The Sox haven’t won a World Series in 88 years, so a 14-inning game Tuesday night wasn’t going to faze them.
So after overcoming a four-run deficit off Houston workhorse Roy Oswalt and then blowing a save opportunity for the second consecutive game, the Sox moved to within one game of their first world championship since 1917 in the zaniest manner.
Geoff Blum, in his first Series at-bat, hit a home run off reliever Ezequiel Astacio with two out in the 14th inning to vault the Sox a 7-5 victory before a stunned sellout crowd of 42,848 fans at Minute Maid Park.
(Part’s of this, was quoted from the Chicago Tribune)
The Sox, with a 3-0 lead in this best-of-seven Series and a seven-game winning streak, can wrap up the Series as soon as Wednesday night. All 21 teams who had a 3-0 lead in the Series have won the championship, including 18 in four games.
The Sox won in a Series record five hours, 41 minutes. The 14-inning game tied the longest in Series history, as Boston and Brooklyn played 14 innings in Game 2 of the 1916 Series. The 17 pitchers used by the Sox and Houston set a Series record, and the nine used by the Sox also set a Series record. A record 43 players were used.
Blum became the 30th player in Series history to hit a homer in his first Series at-bat.
Blum, who was acquired in a July 31 deadline deal with San Diego, had hit only one home run in 95 regular-season at-bats with the Sox and had batted only once in the post-season before lining a 2-0 pitch over the right field fence.
“It’s been a blessing and an interesting year,” Blum said. “I had about 100 of these at-bats in my backyard with my brother.”
The Sox added an insurance run as Chris Widger, who entered the game in the ninth as part of a double switch, drew a bases-loaded walk.
The 14th inning rally snapped a streak of eight scoreless innings by the Sox’s offense. Blum’s heroics simply mirrored the Sox’s resourcefulness after coming within four outs of winning the game in the regulation nine innings.
They needed to use eight pitchers, because Cliff Politte and Neal Cotts walked consecutive batters. Dustin Hermanson, pitching for the first time since Sept. 30, allowed a game-tying double.
“(Hermanson) was ready to go,” said manager Ozzie Guillen, who wanted to save closer Bobby Jenks as late as possible until needed him in the 11th and 12th.
Orlando Hernandez had to leave in the 10th because of a sore neck. But the Sox were saved by left-hander Damaso Marte, who was nearly left off the American League Championship Series roster because he walked two batters and allowed a hit in his last post-season appearance at Boston on Oct. 7.
Marte pitched 1 2/3 scoreless innings and provided some stability to a bullpen that allowed eight walks and a hit batsman from the eighth through 11th.
Marte walked two but struck out three to earn the victory.
The Astros were 1-for-9 with runners in scoring position from the seventh through the 11th.

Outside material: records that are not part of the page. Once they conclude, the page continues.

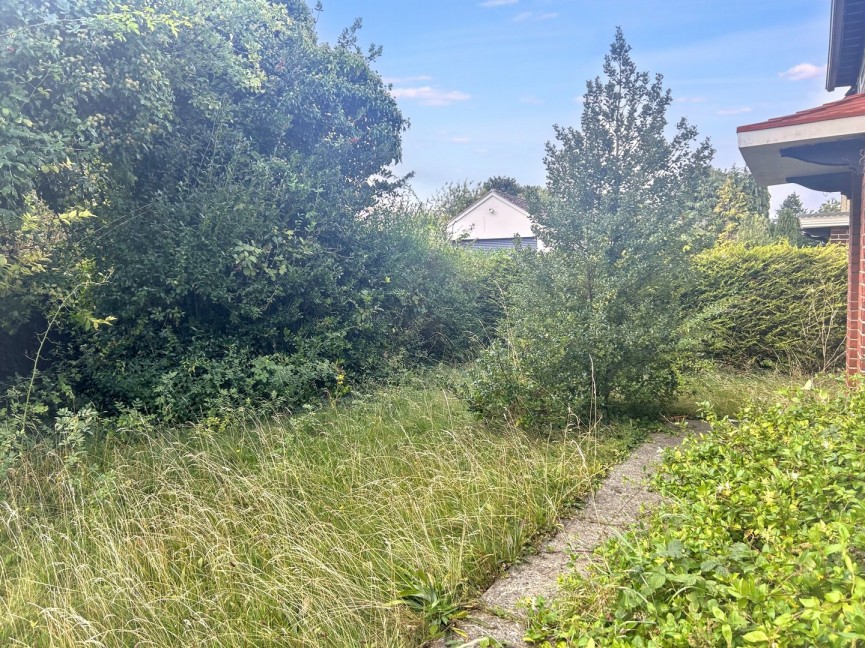 3 bedroom House for Sale Briary Lane, Royston, Hertfordshire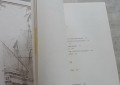 20190630_153714.jpg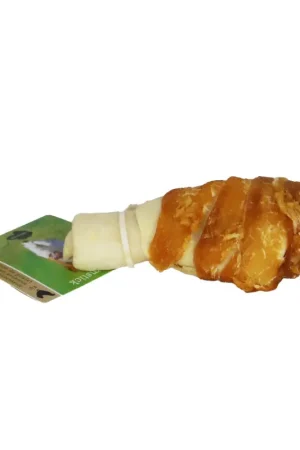Favoriet Boony Drumstick met Kip 10cm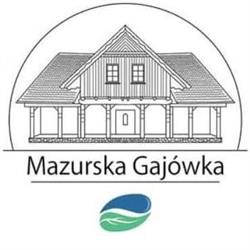 Mazurska Gajówka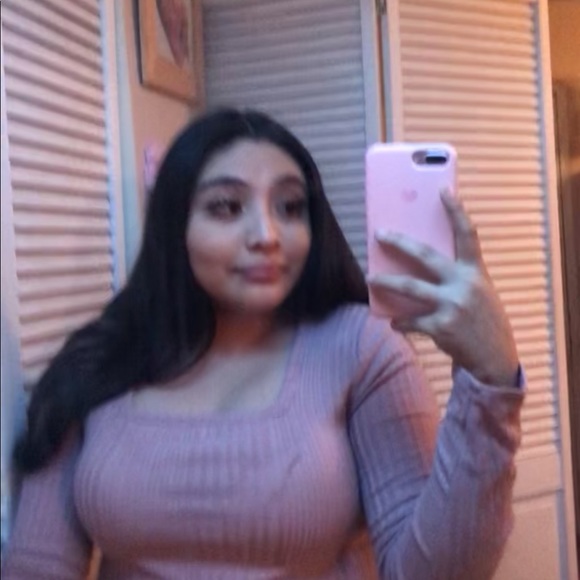 alejandralun336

Game 2 starter Mark Buehrle, who pitched seven innings on Sunday and had complained of arm and back soreness as recently as Monday, retired Adam Everett on a pop to short with runners at first and third to earn his first professional save since 1999 with Class-A Burlington.
This was Buehrle’s first relief appearance since the 2000 AL Division Series, and he became the first pitcher in Series history to start and earn a save in consecutive games.
“He told me, ‘if you need somebody, I’ll be ready,’ ” Guillen said.
The Sox out-hit the Astros 14-8 but committed three errors.
Freddy Garcia, who won the AL Central-clinching game, was the winning pitcher in the ALDS and pitched a complete-game victory over the Los Angeles Angels on Oct. 16, will start Wednesday night for the Sox.
The Sox displayed their resiliency in the fifth off Oswalt, who had allowed only two runs on 10 hits in his previous 18 innings. Joe Crede fueled the rally with a leadoff home run, his second of the Series.
A.J. Pierzynski capped the rally with a two-run double off the center field hill.
Later in the inning, the Sox’s Carl Everett and Houston manager Phil Garner were engaged in a shouting match from their dugouts.
Home plate umpire Jerry Layne issued separate warnings to the involved parties, and Oswalt finally got out off the jam when he induced Uribe to fly to right on his 100th pitch.
Jon Garland survived a 4-0 deficit with a degree of controversy. Jason Lane hit a drive off the wall in left center that second base umpire Jerry Cederstrom ruled was a homer.
But television replays indicated the ball struck inside the yellow line and should have been ruled in play.